Self-Driving Databases & My Pregnant Wife: The Hard Parts — Tour 2019


Andy lives a database-centric lifestyle. That means that he spends most of his time either thinking about databases, writing about databases, using databases, teaching others about databases, or programming databases. Truly his body is a vessel for which to conduct database research.

One day his beloved wife told him that if Stonebraker can have two kids than he can at least have one. This logic seemed to make sense to him at the time. And now she's pregnant.

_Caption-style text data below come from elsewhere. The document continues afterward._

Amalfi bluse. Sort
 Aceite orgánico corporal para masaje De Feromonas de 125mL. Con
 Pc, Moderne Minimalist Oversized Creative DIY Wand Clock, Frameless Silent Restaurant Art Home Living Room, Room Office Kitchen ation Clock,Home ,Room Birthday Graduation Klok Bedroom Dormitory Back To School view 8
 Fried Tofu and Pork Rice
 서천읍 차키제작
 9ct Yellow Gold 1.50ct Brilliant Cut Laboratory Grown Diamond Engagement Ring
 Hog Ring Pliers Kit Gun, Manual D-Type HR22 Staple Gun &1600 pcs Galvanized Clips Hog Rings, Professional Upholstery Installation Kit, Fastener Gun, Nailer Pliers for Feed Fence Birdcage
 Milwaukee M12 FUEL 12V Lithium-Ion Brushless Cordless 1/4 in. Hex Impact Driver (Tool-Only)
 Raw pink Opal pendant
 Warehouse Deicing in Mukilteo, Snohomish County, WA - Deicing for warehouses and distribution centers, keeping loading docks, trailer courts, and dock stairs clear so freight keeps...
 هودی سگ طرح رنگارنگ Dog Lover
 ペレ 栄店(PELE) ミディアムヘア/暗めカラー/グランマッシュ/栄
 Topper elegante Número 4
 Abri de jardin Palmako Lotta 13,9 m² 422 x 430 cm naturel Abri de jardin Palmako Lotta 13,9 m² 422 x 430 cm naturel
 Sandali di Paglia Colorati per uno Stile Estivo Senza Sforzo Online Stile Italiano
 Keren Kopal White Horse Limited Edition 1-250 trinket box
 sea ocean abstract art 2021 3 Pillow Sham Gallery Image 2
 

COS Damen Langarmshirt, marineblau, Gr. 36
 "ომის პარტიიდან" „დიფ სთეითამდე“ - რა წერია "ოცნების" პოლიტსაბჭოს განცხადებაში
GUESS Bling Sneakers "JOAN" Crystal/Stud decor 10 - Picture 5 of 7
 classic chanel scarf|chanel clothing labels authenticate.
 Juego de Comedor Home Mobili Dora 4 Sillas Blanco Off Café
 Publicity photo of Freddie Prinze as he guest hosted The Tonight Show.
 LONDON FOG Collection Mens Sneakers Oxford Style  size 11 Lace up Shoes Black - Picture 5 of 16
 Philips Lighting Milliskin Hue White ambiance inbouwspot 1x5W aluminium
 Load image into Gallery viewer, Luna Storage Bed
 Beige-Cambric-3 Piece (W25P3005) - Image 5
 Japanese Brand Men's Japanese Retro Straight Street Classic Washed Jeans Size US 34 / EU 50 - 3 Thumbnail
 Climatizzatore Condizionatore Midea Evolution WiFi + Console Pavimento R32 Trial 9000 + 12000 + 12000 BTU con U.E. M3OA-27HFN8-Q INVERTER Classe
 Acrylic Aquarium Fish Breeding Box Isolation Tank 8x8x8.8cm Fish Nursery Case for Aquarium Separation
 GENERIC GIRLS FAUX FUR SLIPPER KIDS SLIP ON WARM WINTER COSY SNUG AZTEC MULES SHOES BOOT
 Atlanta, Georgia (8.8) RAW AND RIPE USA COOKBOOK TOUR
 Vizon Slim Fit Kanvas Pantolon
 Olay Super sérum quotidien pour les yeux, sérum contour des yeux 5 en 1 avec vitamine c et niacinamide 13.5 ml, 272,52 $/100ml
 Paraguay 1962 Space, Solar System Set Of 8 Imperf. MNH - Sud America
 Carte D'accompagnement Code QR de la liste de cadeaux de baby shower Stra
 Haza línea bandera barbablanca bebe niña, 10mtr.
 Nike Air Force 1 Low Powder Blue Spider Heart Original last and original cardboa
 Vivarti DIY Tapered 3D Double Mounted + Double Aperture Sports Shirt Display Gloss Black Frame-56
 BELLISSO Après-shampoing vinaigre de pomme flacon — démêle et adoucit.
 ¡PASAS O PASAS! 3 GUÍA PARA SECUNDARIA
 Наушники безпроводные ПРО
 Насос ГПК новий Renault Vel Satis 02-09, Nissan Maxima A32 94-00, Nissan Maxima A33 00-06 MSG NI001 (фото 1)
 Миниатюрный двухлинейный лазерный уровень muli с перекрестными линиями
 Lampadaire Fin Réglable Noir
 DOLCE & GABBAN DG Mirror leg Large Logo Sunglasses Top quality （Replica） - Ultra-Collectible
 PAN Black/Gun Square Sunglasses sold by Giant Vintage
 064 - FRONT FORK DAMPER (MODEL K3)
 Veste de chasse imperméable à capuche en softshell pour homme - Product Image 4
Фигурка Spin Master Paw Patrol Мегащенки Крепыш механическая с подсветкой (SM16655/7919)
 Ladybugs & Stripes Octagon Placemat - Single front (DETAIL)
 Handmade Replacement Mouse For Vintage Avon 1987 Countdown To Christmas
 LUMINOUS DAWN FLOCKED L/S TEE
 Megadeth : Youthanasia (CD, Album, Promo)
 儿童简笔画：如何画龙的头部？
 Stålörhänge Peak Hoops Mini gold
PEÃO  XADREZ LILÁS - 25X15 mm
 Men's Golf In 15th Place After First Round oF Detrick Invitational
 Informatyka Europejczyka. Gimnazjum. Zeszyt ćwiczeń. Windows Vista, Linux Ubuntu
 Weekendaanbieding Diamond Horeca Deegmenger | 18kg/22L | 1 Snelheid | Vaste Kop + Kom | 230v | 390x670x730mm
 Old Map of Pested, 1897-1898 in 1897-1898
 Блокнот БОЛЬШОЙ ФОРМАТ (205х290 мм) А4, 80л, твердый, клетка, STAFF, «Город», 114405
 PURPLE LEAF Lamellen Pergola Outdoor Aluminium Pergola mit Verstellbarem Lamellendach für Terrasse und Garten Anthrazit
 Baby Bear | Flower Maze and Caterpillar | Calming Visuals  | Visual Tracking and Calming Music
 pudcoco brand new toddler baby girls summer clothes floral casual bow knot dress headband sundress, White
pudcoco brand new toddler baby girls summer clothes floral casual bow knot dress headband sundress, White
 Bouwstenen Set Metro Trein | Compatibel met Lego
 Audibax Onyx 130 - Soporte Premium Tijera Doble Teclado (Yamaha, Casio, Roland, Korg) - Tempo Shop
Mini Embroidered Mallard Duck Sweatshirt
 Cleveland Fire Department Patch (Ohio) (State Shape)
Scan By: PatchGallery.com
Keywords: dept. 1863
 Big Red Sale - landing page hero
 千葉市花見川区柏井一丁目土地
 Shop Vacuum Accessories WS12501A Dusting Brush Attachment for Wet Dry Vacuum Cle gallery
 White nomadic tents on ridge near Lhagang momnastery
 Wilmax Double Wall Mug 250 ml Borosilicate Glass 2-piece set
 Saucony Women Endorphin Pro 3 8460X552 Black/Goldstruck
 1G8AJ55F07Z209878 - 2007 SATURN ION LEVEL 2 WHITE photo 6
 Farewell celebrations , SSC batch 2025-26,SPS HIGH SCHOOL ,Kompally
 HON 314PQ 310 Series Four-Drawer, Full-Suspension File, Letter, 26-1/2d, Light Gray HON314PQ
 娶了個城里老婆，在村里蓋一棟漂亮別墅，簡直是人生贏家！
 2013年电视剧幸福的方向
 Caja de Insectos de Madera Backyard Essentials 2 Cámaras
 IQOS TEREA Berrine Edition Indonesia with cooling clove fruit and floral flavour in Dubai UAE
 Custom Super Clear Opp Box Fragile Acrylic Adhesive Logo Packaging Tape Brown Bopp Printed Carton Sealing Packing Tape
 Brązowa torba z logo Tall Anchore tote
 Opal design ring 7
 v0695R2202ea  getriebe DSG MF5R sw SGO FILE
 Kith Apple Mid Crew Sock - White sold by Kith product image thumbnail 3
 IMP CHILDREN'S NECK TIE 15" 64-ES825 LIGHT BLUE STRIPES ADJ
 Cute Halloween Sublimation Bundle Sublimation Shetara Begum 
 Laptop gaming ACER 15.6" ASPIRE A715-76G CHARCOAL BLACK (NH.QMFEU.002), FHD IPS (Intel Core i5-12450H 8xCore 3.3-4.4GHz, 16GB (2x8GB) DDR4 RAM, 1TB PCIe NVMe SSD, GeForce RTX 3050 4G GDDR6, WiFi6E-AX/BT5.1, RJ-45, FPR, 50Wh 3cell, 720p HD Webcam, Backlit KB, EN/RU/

The idea of having to be responsible for a dependent is stressing Andy out. As such, he is going on a coast-to-coast speaking tour to discuss the challenges of research on self-driving databases while simultaneously trying to be a responsible life partner.

Self-Driving Databases & My Pregnant Wife: The Hard Parts

Abstract: The current research trend is on developing "learned" components to supplement and replace legacy components in database management systems (DBMSs). Such learned components use machine learning (ML) methods to identify non-trivial trends and correlations in the DBMS's runtime behavior. They then use this information to create execution strategies and data structures that are tailored to the application's access patterns. The hope is that learned components will enable new optimizations that are not possible today because the complexity of managing DBMSs has surpassed the abilities of humans. This could then lead to the ultimate goal of achieving a "self-driving" DBMS that is able to configure, manage, and optimize itself automatically as the database and its workload evolve over time. The bad news is that creating such a fully autonomous DBMS is harder than that. The problem requires both holistic systems engineering and novel ML solutions that cannot be solved with just adding learned components to an existing DBMS.

In this talk, I discuss the pressing unsolved problems in self-driving DBMSs. These include how to support training data collection, fast state changes, succinct state and action representations, and accurate reward observations. I will also present techniques on how to build a new autonomous DBMS or the steps needed to retrofit an existing one to enable automated control.

Andy Pavlo is an Associate Professor of Databaseology in the Computer Science Department at Carnegie Mellon University. His (unnatural) infatuation with database systems has inadvertently caused him to incur several distinctions, such as the NSF CAREER (2019), a Sloan Fellowship (2018), and the ACM SIGMOD Jim Gray Dissertation Award (2014).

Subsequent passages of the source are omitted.